O assédio moral instala-se sorrateiramente, sem que a vítima perceba, num processo gradativo de envenenamento psíquico e afetivo da vítima que, aos poucos, reflete-se em seu corpo, podendo levar até a morte.

Dentro de uma empresa, aquele que detém o poder, pelos mais variados motivos expõe seus subordinados, ou uma vítima em particular, a situações cada vez mais estressantes, humilhantes ou constrangedoras, durante o seu período de trabalho. A ação ocorre de maneira repetitiva e prolongada, como a aranha que tece uma teia para aprisionar sua vítima até deixá-la imóvel.

O assédio moral degrada o indivíduo, minando a sua auto-estima e condições físicas e psicológicas para o trabalho. A vítima escolhida é estigmatizada pelo seu agressor que age para que ela passe a ser vista como culpada pelos seus “erros, incapacidade, incompetência, falta de sociabilidade, depressão, alterações de ânimo” e outros comportamentos, até que fique desacreditada e isolada dos demais. Nesse momento seu agressor se satisfaz e escolhe outra vítima.

Por sua vez a vítima, diante da humilhação repetitiva baixa sua auto-estima e, gradativamente, perde sua capacidade para reagir, pois muitas vezes sente-se culpada. Mas, o medo do desemprego, a cobrança social, as responsabilidades levam-na a suportar o assédio, até o momento em que, muitas vezes perde o controle sobre sua vida física, mental e psíquica, entra em depressão e pode chegar até mesmo à morte.

Faz-se necessário lembrar que o trabalhador está sempre do lado mais frágil e ao agressor é mais fácil dissimular suas atitudes, que podem ocorrer de várias formas.

O assédio moral manifesta-se de maneira diferenciada em relação ao sexo masculino e feminino. Tal fato decorre de componentes culturais que podem ser explicados sociologicamente. Em relação às mulheres pode ocorrer em forma de intimidação, submissão, piadas grosseiras, comentários acerca de sua aparência física ou do vestuário. Quanto aos homens, é comum o seu isolamento e comentários maldosos sobre sua virilidade e capacidade de trabalho e de manter a família. Estes são apenas alguns exemplos, mas a cultura oferece elementos variados. São os traços culturais que tipificam um povo, mas podem tornar-se um elemento de sarcasmo contra o indivíduo quando ele está isolado do grupo.

No entanto, é necessário reforçar que não só o indivíduo é vítima do assédio moral. A empresa, de acordo com sua política, pode constituir-se num espaço para este fenômeno, cabendo nesse caso ações coletivas.

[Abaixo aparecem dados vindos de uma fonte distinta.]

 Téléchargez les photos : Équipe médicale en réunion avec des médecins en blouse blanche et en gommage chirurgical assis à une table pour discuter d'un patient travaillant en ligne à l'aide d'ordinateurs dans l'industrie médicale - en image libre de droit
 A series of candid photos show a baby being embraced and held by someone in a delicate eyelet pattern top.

Nos grupos, conforme consenso da literatura, é comum: começar reuniões amedrontando os participantes, ameaçando-os de demissão e salientando a facilidade de substituição, mais barata e mais competente; fazer comparações com outros grupos, depreciando o grupo presente; controlar idas e vindas ao banheiro; gritar ordens e repeti-las, como se as pessoas não tivessem capacidade para compreendê-las e executá-las; criticar sempre; cobrar além das possibilidades do grupo, para reafirmar a sua falta de capacidade; exigir que trabalhe fora do horário, comprometendo compromissos particulares; demitir sem causa; desativar área, seção ou departamento sem explicação e criar problemas intra-grupos.

O que se reforça em cada atitude é que se trata de perseguição aberta, que se ressalte, é sempre temida, principalmente em tempos de desemprego, de globalização e de reengenharias.

Os autores que tratam do assunto, demonstram que as frases, gestos ou atitudes tomadas nada tem de profissional, mas de particular, da vontade do agressor. Porém, independente das causas que levam uma pessoa ao assédio moral, graves são as conseqüências para aqueles que são assediados, visto que a qualidade de vida no trabalho é determinante da qualidade de vida em geral.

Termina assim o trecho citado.